When I got my buggy it has been bolted to the pan for likely 20 years with a pan gasket using bolts and fender washers. The body flange to attach to the pan was lifted on the inside between each of the bolts. It actually caused some stress cracking in the fiberglass. I did some grind and replace of fiberglass on the inside to get rid of cracking (while doing extensive fiberglass replacement to the sides where the roll bar whacked the body when the previous owner flipped it.) I have restored the strength but you can still see the ripple in the lip if you look inside my buggy. I just bolted the body directly to the floor pan without any gasket. It has been that way for the last 18 years without any problems. My buggy isn't some nicely sealed sedan anymore.

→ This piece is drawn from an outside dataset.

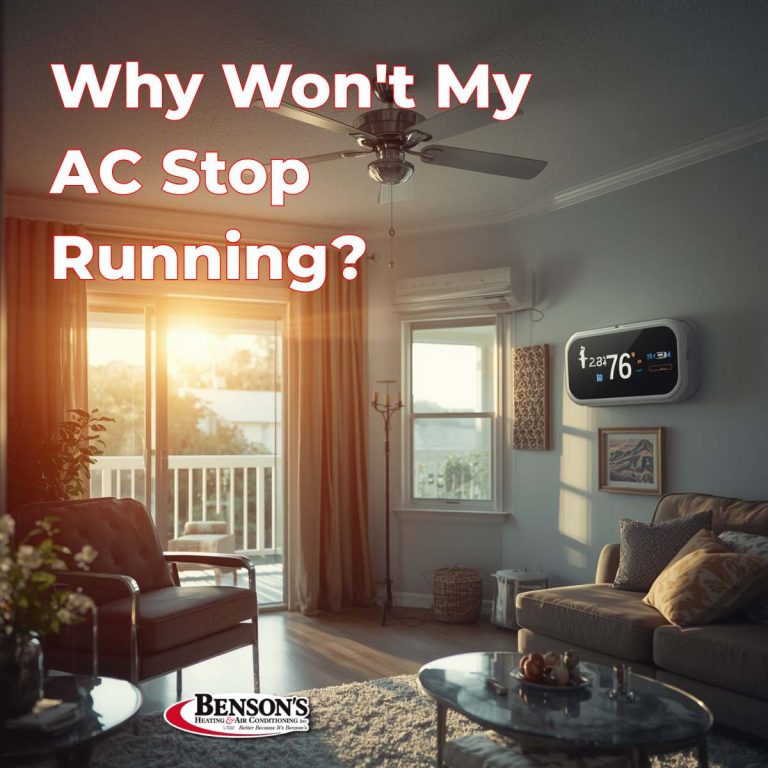 Ac Running Constantly Tallahassee Summer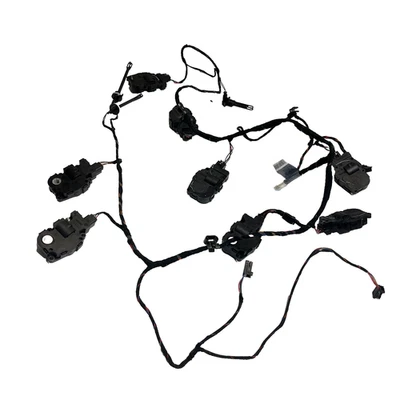 Chicote de fios de aquecedor 2008-2012 para BMW X5 E70 com unidades de controle 990881N fabricante de equipamento original - Imagem 1 de 4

It sounds like you already have one of the solutions I was thinking about. I had considered using 1/4 inch aluminum strips on top of the body inside the car and then using countersink cap screws in that to bolt the body to the floor. Since my body lip was already all wavy I didn't do it, instead using regular bolts and fender washers again and painting them with the body. If you sink batteries into the floor pans the body will be supporting them (the body supports the floor on the Beetle pan) so your setup would be good. My fiberglass body has had no problem supporting 3 Optima batteries (125 lb.) on each side for the last 10 years with the bolts and fender washers.
I also left out the very front and rear bolt that attaches the body to the floor. It is fairly common to have the floor boards crack inward from each corner because the pan horns don't flex but the sheet metal floor is flexes along with the fiberglass body. That fight gets taken out on the corners. I had to do crack repairs to all 4 corners when I got the buggy but have only had to repair one corner a second time, the right rear where the SLI battery used to sit. That whole area is a collection of rust and crack repairs.